Details
-
Bug
-
Resolution: Fixed
-
Minor
-
None
-
None
-
3
-
9223372036854775807
Description
kfilnd <> kfabric <> kcxi_prov <-> Cassini has the following issue. If LNet is trying to send to a kfilnd peer which is down, the Cassini retry handler can take up to 60 seconds to cancel the corresponding message. When retrying, the Cassini retry handler takes control of hardware resources and does not release them until the retries are complete. If enough of these messages are sent to down peers, it is possible the Cassini retry handler can take control of all available hardware resources. Once this happens, Cassini cannot process new RDMA commands and back pressure will start occuring in kcxi_prov which gets propagated to kfilnd as an -EAGAIN. As seen on JT, this can results in single RDMA operations taking minutes to complete.

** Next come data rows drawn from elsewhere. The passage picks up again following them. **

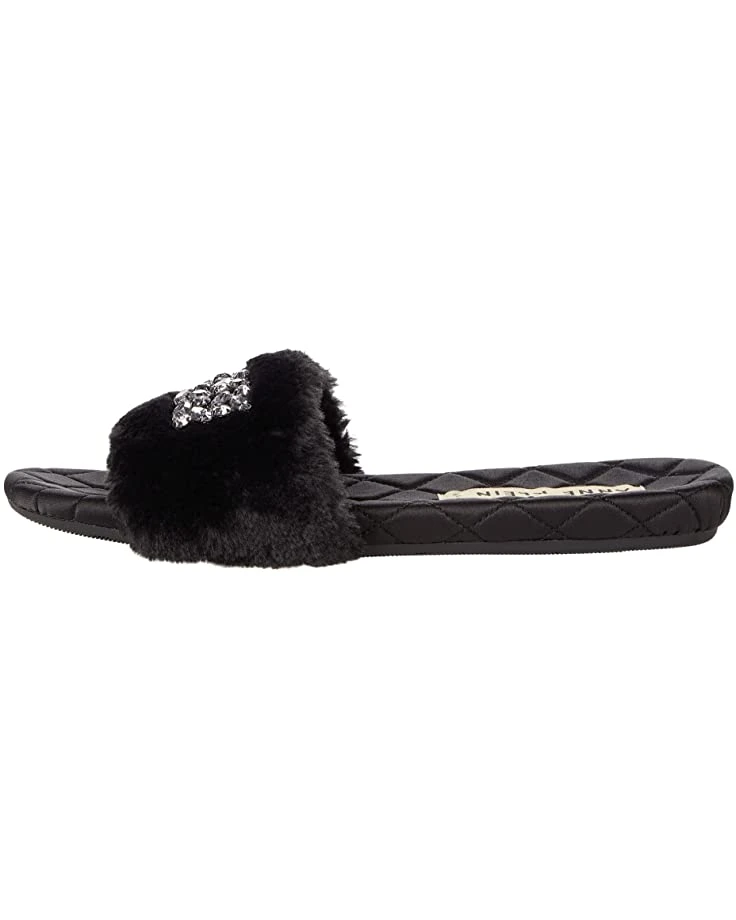 Anne Klein Slippers Women Eloise 6 Anne Klein Slippers Women Eloise - Image 4
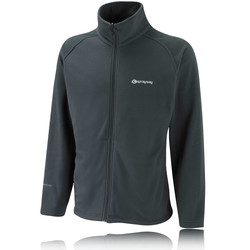 Sprayway Santiago Fleece Jacket Top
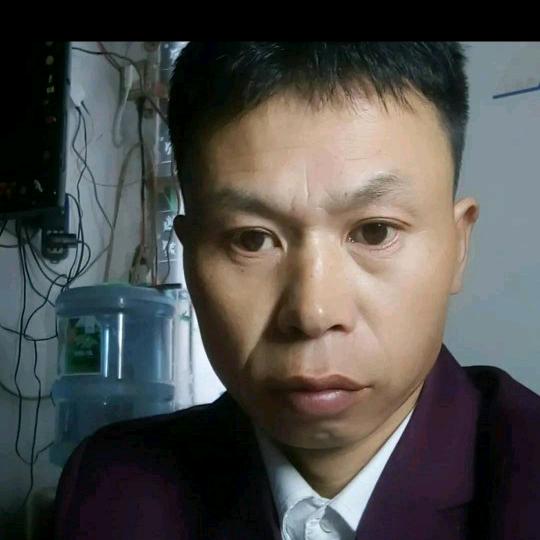 伤心的泪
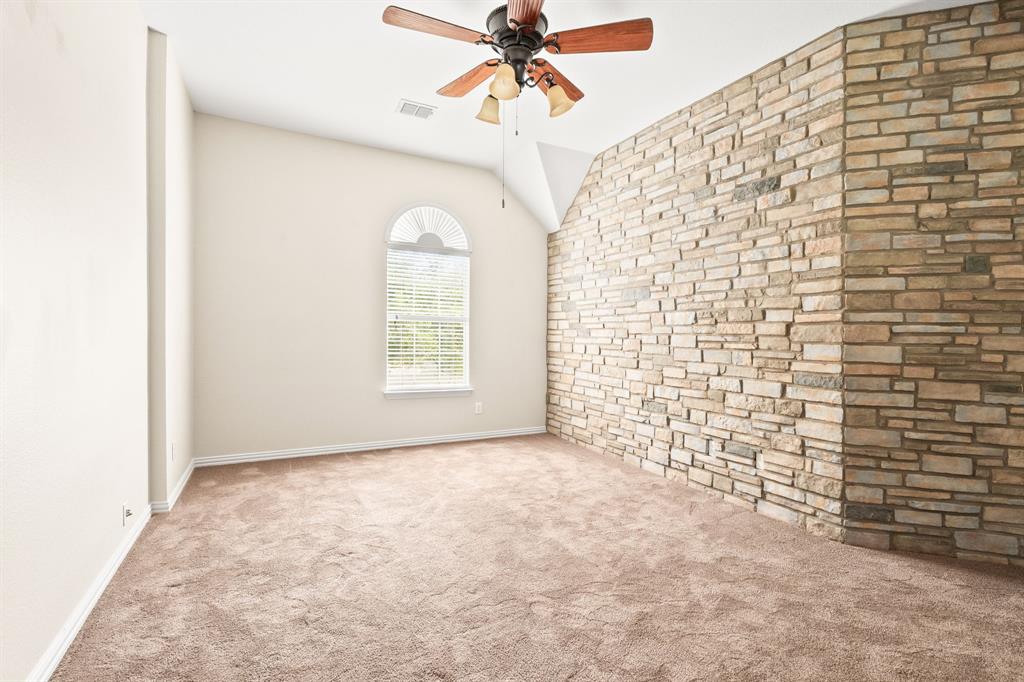 Autumn Ridge II - Residential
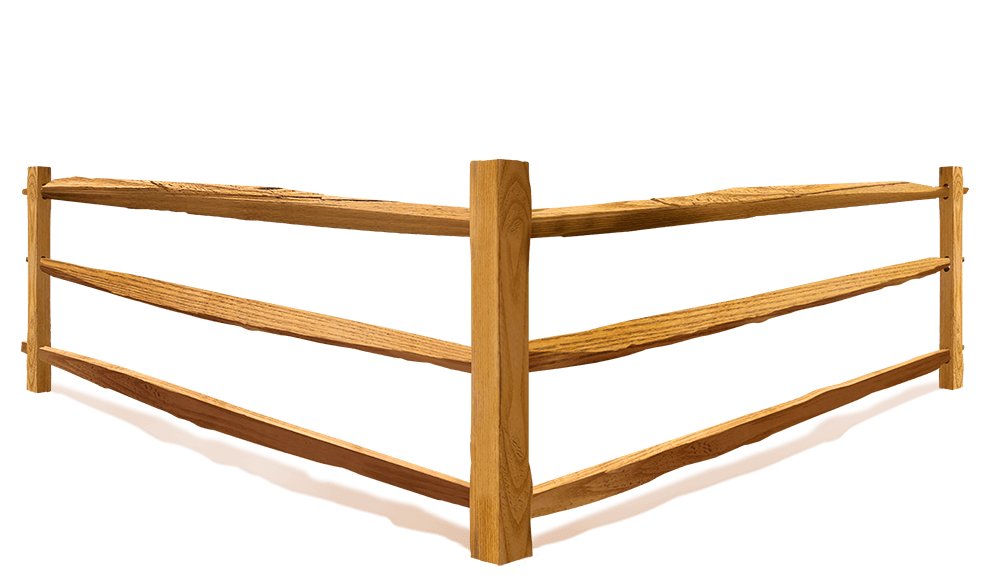 Farm property-line fencing in xxx xxxSTATE
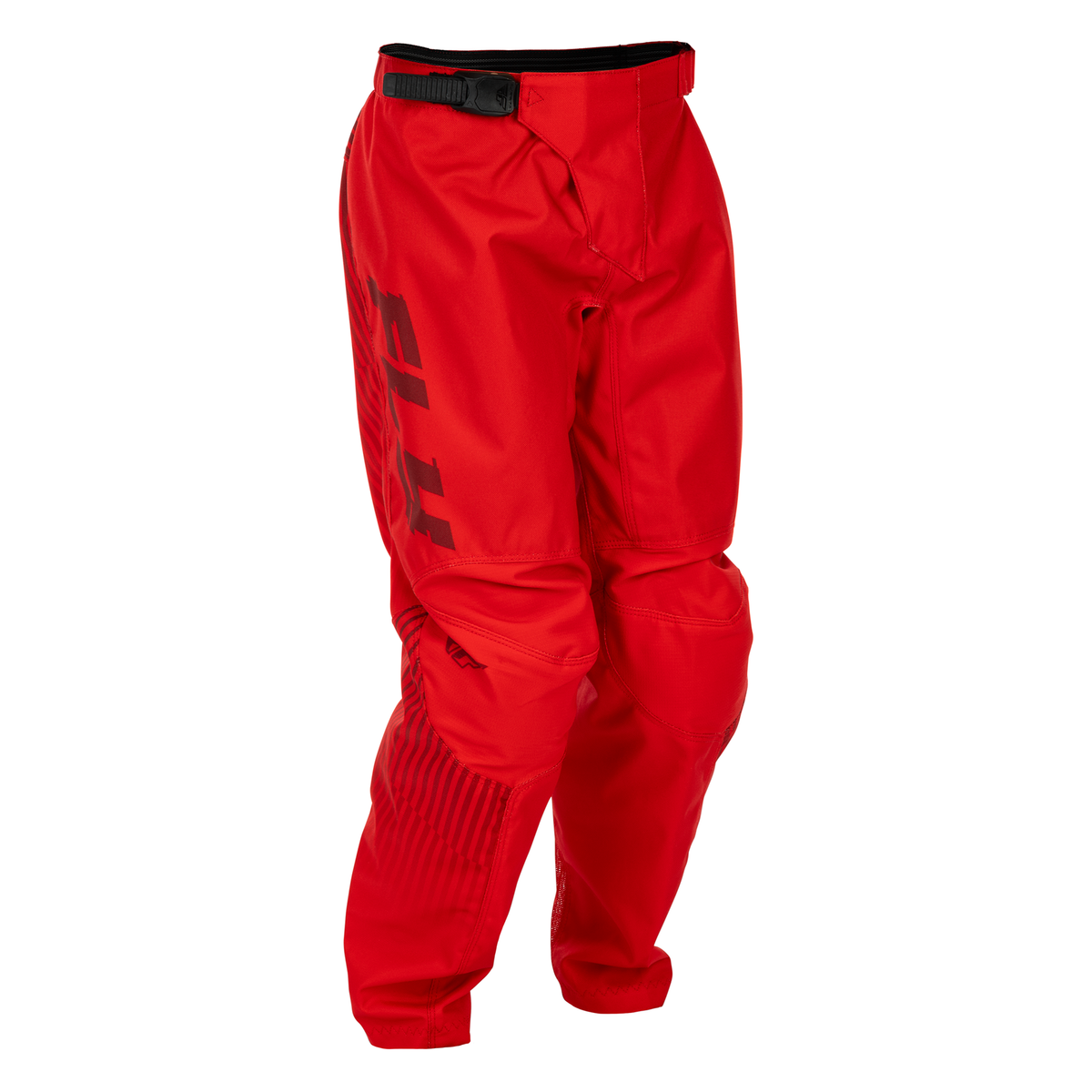 FLY Racing F-16 2026 Youth Pant, view 10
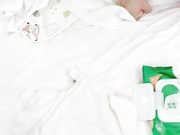 女神双飞激情名场面站立一字马舔无毛嫩穴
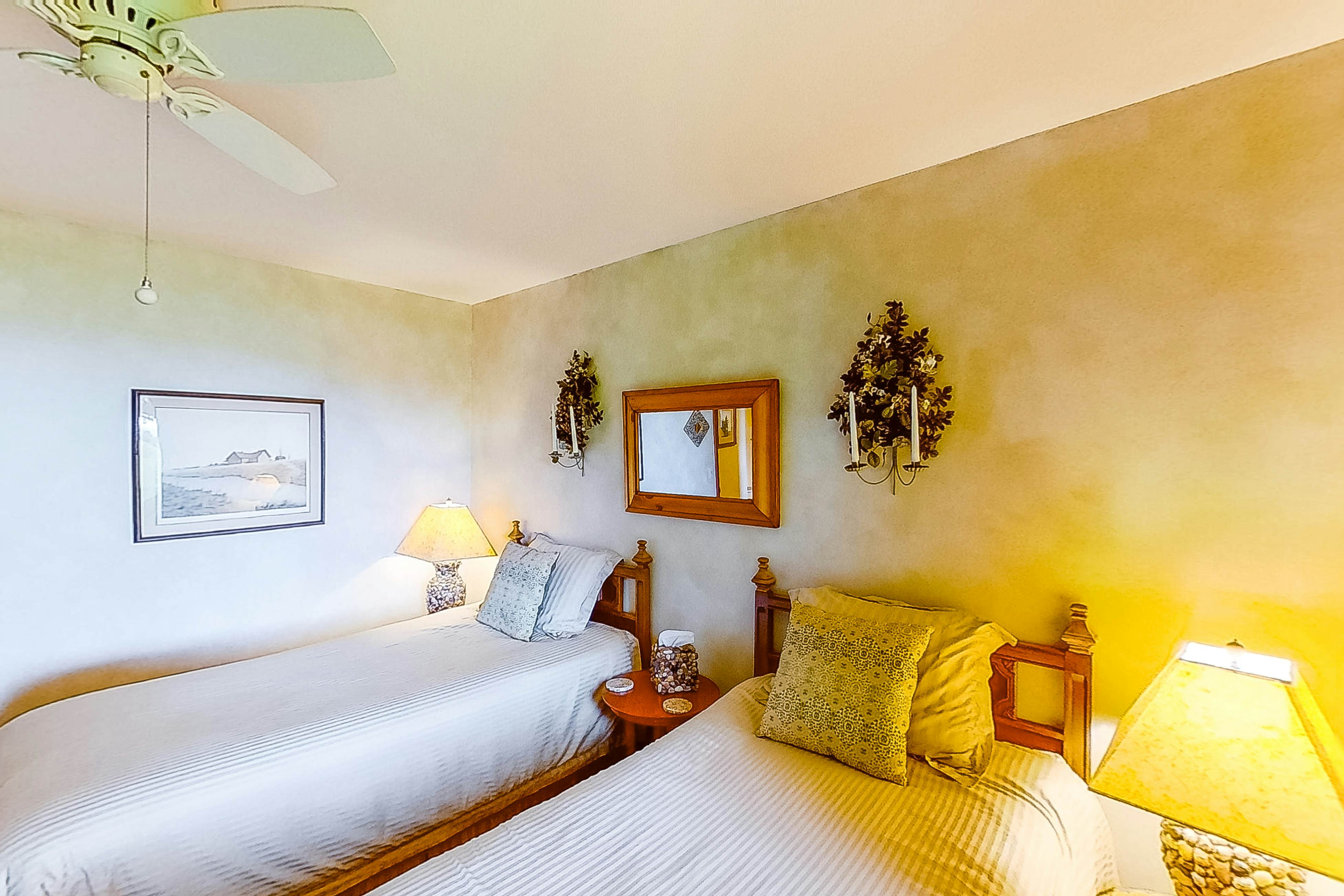 Birchwood - Bay View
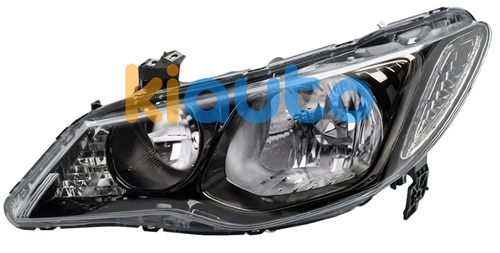 33151SNBG51 / 33151-SNB-G51 | Acheter phare honda civic 20... | Kiauto 33151SNBG51 / 33151-SNB-G51 | Acheter phare honda civic 20... | Kiauto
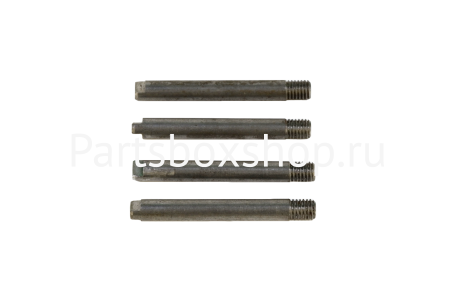 Направляющая тормозного диска 450/18204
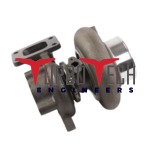 turbocharger-49179-06210-td06h-14kyrcn-for-sany-sy245-d06frc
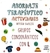 ABORDAJE TERAPEUTICO ACTIVIDADES - GRUPOS CONSONANTICOS CON L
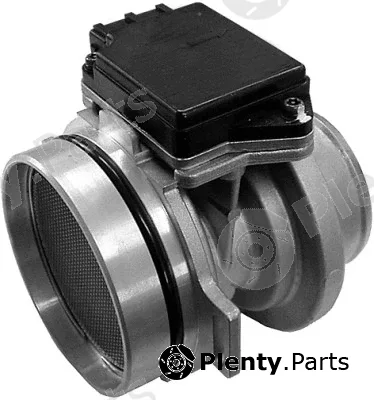Hella 8ET009142-201 — Mass Air Flow Sensor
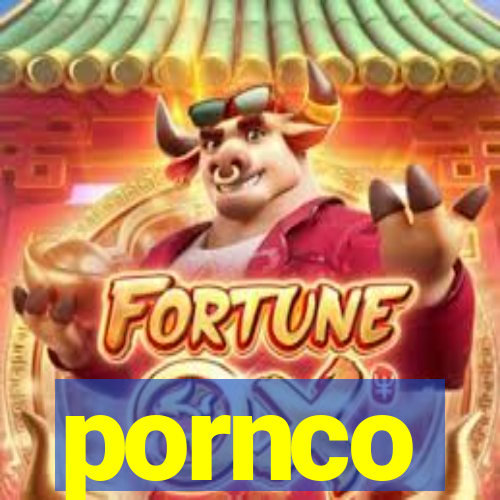 pornco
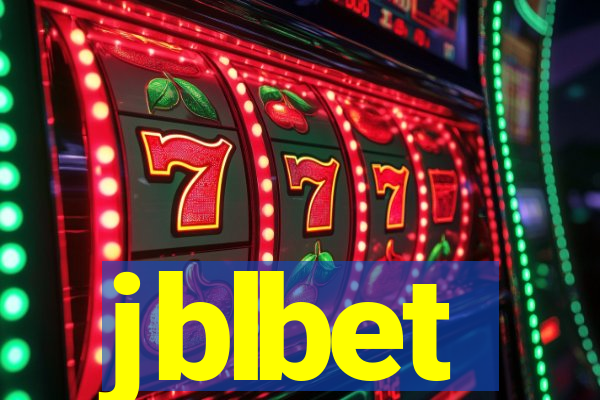 jblbet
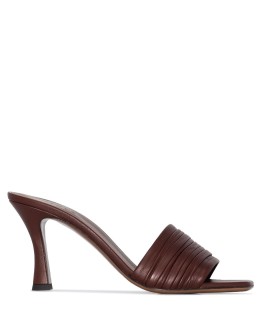 Sham 80mm mules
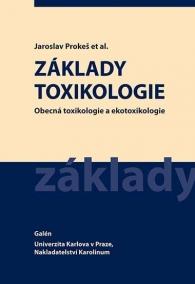 Základy toxikologie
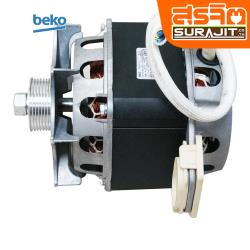 BEKO 9178006951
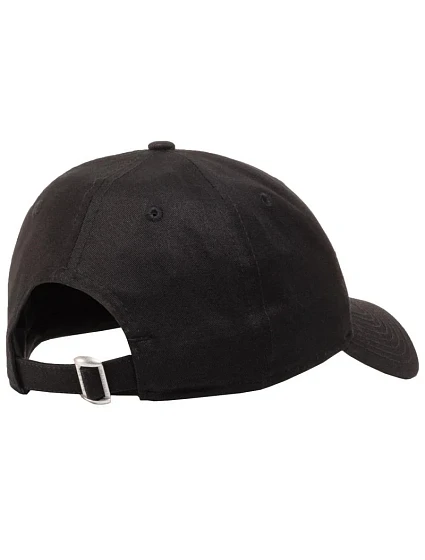 Kšiltovka 9FORTY New York Yankees MLB model 20083401 - New Era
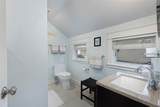230 Marlborough Street - Photo 33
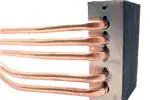 ATS-HP-D6L300G30W-006 散热片 ATS-HP-D6L300G30W-006 散热片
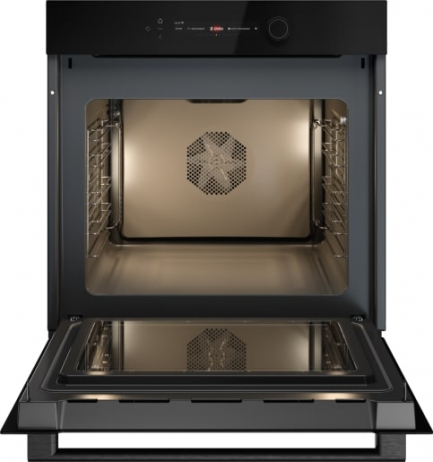 Духовой шкаф Asko OCM56BGH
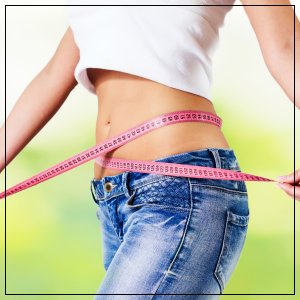 Ozempic Weight Loss Specialist Near Me in Cleveland, OH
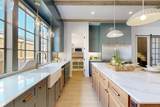 3815 123rd Street - Photo 12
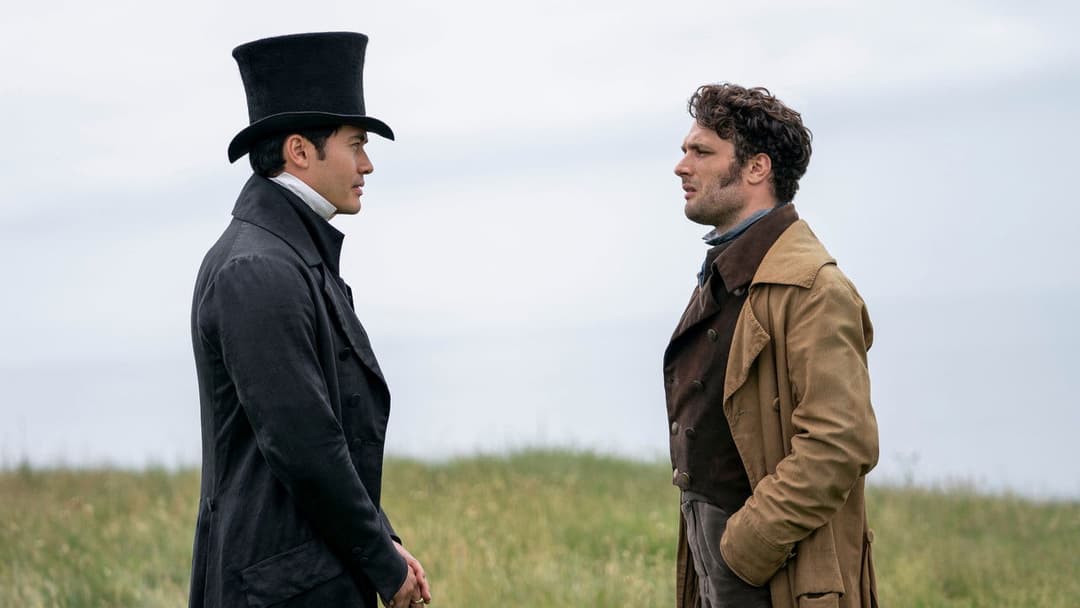 Переконання backdrop 7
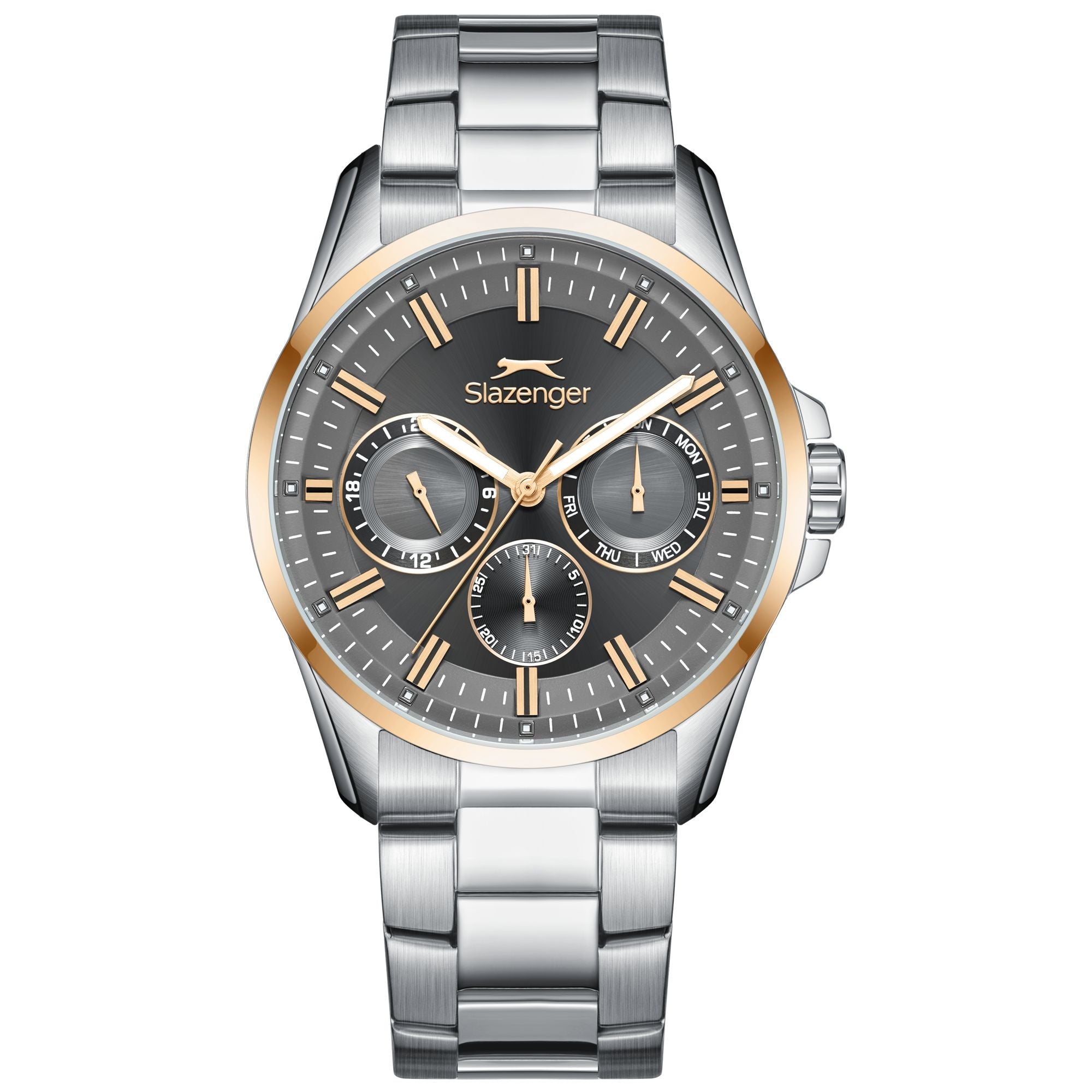 SL.9.2478.2.04 premium quality modern product with durable build and stylish design for everyday use Main image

To help prevent this issue, kfilnd should only send to peers it knows are up.
Looking at the kfilnd code today, I believe we can have multiple hello messages inflight to a single. If the peer is down, this can result in a build up of hello messages where each hello message will take the CXI retry handler 60 seconds to complete. There should only be a single hello message inflight per peer.
As a part of this work, kiflnd transaction may have to be queued until a hello message comes back. If the hello message results in a failure, all queued transactions should be finalized.